Wife bought a dealer's "loaner" (2013 Rogue SV) with 40K miles. The brakes had glazed/hot spot causing her to take time from a cross country trip to see a dealer who claimed to "turn the rotors" [can this be done w/i safety standards?] and her life was good for a short while.
More hot spots to be ignored.
Regular Dealer service oil changes etc. [2 years later now]
3-4,000 miles ago brake pads even wear, no problems
Next check up [65,000 miles] right front 10% left one pad 50% the other - danger!
Calling another dealer to check prices [service prices do vary considerably].
I am told "Nissan recommends brake fluid changed every 15,000 miles" - that's once a year for most folk - most cars get brake fluid changes every 100,000 miles or so - Nissan wants $99-$127 every year?

Two problems:
The brakes that fail 2-3 times in 65,000 miles (what gives?)
WHY .. TELL ME WHY brake fluid exchange is recommended every 15,000 miles? What part(s) fail that a little condensation will result in catastrophic failure of such a critical system ... [the ability to 'stop' is a big deal.]

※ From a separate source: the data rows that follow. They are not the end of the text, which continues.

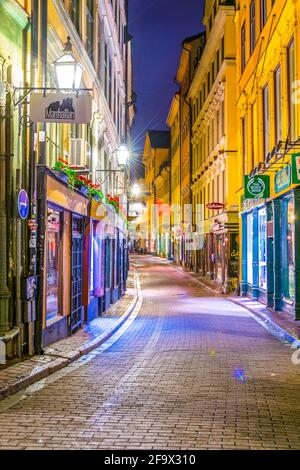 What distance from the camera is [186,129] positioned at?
164ft

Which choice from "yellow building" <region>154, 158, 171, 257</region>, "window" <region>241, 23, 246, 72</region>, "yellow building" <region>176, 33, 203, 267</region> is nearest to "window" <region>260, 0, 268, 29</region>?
"window" <region>241, 23, 246, 72</region>

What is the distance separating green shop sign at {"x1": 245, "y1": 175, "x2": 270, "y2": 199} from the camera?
18.2 metres

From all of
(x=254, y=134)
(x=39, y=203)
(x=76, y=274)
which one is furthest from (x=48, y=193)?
(x=254, y=134)

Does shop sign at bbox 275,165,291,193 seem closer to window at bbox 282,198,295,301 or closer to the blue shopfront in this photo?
the blue shopfront

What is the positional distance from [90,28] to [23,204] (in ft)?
33.8

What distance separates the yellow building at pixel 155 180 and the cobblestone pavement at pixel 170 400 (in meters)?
64.3

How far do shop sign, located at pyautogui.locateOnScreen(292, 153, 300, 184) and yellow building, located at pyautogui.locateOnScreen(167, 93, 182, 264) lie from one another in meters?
41.1

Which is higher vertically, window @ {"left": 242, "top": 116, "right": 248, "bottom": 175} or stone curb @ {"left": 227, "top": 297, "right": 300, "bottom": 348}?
window @ {"left": 242, "top": 116, "right": 248, "bottom": 175}

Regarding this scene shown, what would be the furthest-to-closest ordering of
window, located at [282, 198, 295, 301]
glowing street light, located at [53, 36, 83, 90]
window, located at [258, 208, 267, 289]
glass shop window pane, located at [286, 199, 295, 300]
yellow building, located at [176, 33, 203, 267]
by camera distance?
yellow building, located at [176, 33, 203, 267] < window, located at [258, 208, 267, 289] < window, located at [282, 198, 295, 301] < glass shop window pane, located at [286, 199, 295, 300] < glowing street light, located at [53, 36, 83, 90]

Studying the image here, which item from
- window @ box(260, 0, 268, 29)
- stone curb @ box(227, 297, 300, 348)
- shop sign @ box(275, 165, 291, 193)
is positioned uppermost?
window @ box(260, 0, 268, 29)

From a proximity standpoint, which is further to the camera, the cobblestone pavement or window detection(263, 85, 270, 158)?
window detection(263, 85, 270, 158)

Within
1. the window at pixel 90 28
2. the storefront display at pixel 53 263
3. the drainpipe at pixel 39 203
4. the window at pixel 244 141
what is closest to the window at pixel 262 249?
the window at pixel 244 141

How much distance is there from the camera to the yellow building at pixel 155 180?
79.9 meters
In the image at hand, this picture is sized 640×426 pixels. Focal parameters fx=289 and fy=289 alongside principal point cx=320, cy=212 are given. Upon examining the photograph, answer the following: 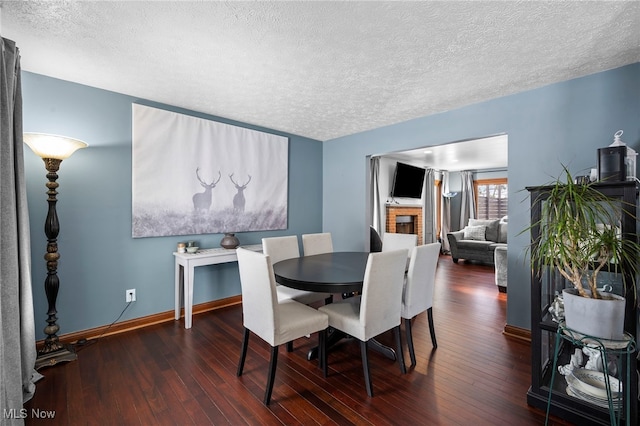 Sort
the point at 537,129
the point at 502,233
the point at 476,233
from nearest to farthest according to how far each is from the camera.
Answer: the point at 537,129 < the point at 502,233 < the point at 476,233

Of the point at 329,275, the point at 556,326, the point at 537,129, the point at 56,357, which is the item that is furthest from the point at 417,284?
the point at 56,357

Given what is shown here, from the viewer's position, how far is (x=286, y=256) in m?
3.08

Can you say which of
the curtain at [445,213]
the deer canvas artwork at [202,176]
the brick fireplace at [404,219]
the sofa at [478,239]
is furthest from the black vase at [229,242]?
the curtain at [445,213]

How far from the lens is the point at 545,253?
159 cm

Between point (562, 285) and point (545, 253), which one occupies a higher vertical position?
point (545, 253)

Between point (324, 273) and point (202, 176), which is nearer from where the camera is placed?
point (324, 273)

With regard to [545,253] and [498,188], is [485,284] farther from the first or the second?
[498,188]

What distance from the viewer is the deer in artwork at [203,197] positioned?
11.0 feet

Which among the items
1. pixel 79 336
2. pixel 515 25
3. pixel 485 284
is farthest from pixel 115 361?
pixel 485 284

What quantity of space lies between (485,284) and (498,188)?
4.38m

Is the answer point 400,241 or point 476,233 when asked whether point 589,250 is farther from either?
point 476,233

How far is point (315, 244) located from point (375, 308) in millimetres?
1455

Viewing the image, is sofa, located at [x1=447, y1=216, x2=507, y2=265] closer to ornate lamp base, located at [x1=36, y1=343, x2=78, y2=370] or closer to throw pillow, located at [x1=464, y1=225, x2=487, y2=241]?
throw pillow, located at [x1=464, y1=225, x2=487, y2=241]

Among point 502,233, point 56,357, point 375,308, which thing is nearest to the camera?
point 375,308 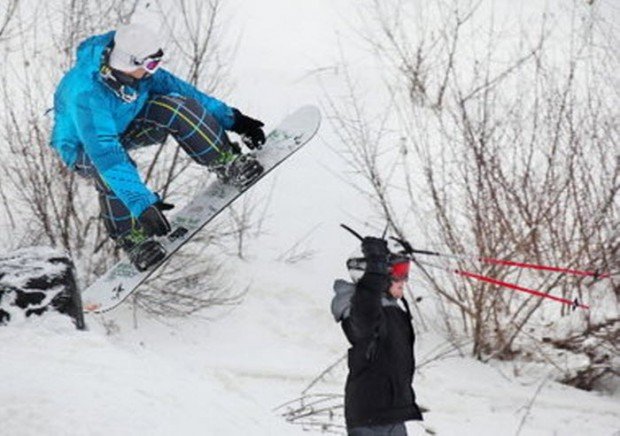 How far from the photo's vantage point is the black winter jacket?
12.2 feet

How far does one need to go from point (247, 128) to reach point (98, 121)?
987mm

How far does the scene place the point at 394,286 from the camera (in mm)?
3764

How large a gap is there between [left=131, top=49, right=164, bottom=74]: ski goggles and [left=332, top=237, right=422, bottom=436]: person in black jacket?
175 centimetres

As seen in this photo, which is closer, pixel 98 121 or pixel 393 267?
pixel 393 267

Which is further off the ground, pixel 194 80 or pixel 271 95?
pixel 271 95

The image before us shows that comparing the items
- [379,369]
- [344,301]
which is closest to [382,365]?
[379,369]

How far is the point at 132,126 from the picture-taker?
5.41m

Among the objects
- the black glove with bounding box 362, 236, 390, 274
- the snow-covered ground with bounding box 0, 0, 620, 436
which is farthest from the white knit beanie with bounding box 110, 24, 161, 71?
the black glove with bounding box 362, 236, 390, 274

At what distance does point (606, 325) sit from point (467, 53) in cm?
529

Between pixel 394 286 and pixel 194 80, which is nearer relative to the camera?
pixel 394 286

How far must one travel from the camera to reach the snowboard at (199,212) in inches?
220

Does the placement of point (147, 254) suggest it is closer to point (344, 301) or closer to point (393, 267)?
point (344, 301)

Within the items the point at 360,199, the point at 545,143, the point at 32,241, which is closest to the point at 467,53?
the point at 360,199

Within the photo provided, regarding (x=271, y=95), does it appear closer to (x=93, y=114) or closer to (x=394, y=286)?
(x=93, y=114) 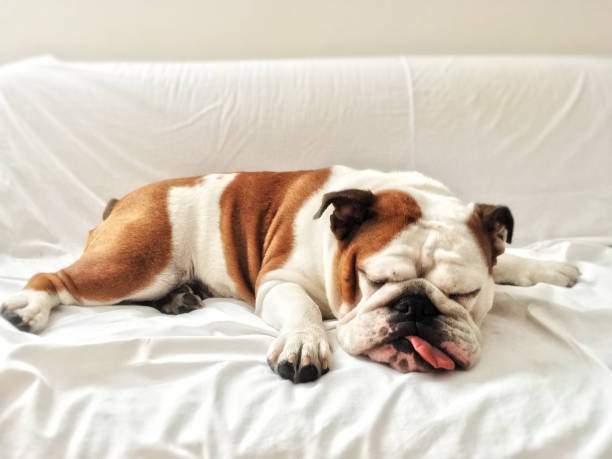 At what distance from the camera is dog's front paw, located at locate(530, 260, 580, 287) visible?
7.13 ft

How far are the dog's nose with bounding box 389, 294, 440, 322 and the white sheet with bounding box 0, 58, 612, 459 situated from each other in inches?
6.7

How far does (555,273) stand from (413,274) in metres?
0.79

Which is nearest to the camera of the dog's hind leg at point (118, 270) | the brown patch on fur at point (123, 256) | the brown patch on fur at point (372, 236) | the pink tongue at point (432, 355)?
the pink tongue at point (432, 355)

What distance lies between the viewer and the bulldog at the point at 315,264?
163 cm

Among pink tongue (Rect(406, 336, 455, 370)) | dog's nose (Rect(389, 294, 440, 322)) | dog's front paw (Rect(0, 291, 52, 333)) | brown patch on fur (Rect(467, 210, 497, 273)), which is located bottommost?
dog's front paw (Rect(0, 291, 52, 333))

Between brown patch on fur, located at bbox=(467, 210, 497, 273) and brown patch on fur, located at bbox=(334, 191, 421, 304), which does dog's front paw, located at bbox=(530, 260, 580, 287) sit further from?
brown patch on fur, located at bbox=(334, 191, 421, 304)

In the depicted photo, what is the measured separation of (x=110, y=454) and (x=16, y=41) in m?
2.91

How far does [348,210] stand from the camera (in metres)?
1.86

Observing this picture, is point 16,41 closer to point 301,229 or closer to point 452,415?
point 301,229

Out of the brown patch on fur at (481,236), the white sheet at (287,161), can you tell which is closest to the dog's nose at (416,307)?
the white sheet at (287,161)

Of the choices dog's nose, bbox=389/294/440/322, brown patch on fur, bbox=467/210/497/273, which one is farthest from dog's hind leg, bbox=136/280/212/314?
brown patch on fur, bbox=467/210/497/273

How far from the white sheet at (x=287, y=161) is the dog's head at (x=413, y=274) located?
73 millimetres

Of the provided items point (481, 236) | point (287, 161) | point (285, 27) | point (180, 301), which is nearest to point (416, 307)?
point (481, 236)

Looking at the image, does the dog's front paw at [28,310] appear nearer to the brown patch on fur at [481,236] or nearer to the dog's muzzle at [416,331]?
the dog's muzzle at [416,331] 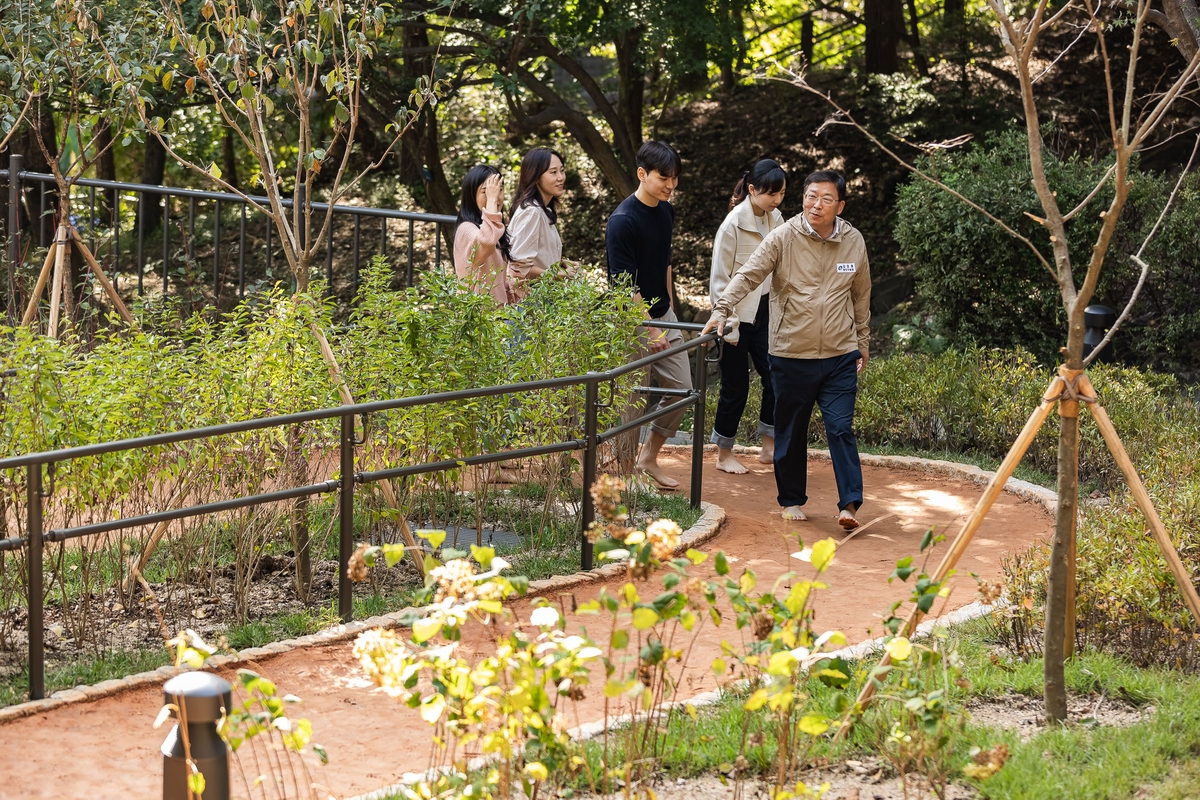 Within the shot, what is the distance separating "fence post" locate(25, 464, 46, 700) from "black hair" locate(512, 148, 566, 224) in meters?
3.47

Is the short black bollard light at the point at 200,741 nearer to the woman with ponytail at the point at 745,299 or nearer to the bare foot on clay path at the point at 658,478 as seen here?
the bare foot on clay path at the point at 658,478

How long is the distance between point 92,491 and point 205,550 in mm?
614

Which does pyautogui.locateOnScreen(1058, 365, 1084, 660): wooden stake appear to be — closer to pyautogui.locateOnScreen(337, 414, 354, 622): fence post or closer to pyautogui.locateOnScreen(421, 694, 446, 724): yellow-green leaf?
pyautogui.locateOnScreen(421, 694, 446, 724): yellow-green leaf

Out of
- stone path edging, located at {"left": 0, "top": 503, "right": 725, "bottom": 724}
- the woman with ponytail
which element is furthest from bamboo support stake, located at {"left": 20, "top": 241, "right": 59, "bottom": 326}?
the woman with ponytail

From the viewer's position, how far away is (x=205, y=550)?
518cm

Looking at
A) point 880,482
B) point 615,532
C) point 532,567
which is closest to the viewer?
point 615,532

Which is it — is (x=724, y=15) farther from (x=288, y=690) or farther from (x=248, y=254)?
(x=288, y=690)

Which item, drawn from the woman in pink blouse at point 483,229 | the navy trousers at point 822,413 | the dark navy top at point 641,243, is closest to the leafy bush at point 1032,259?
the dark navy top at point 641,243

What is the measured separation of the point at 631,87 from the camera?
16578mm

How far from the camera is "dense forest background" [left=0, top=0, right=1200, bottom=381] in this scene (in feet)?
35.1

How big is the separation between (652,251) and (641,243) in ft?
0.31

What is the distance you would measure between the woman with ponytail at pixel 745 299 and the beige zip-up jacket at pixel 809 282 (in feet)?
2.00

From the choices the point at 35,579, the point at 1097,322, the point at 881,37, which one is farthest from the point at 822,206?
the point at 881,37

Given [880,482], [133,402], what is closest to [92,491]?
[133,402] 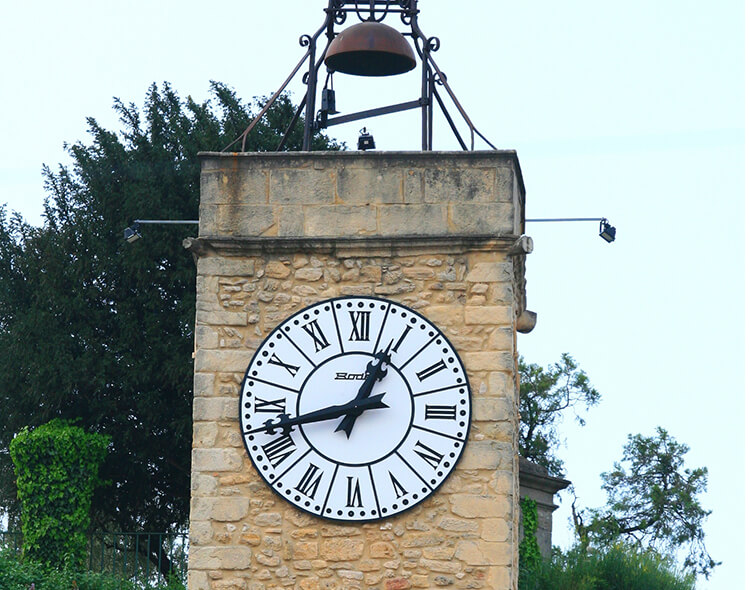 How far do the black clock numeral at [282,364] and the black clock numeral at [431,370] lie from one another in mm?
737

Insight .. what ought I look for / beware/ super service?


----------



## quadraria10 (Jul 6, 2010)

Does it actually say this in your service manual? Usually they have 3 different levels of servicing based on use and conditions. It's a good practice to have it done every two or three years, and even that is way more than for most vehicles where the fluid is simply inspected. There is another forum where the Rogue brakes get discussed extensively. If those were the original rotors and pads, getting over 65K miles out of them is pretty darn good. Seems the one pot front calipers can be problematic, with lots of reports of torn boots. A sticking caliper will cause uneven pad wear. Sounds to me that the vehicle is probably in need of new front rotors and pads. You do not need to go to a dealership to have this done. Remember that oftentimes the service advisor is a sales position, whose job is to play on fears and uncertainties to drive up your bill. Not saying they are all bad but in my dealings I have noted that some can and do prey upon clients with quasi no mechanical knowledge.


----------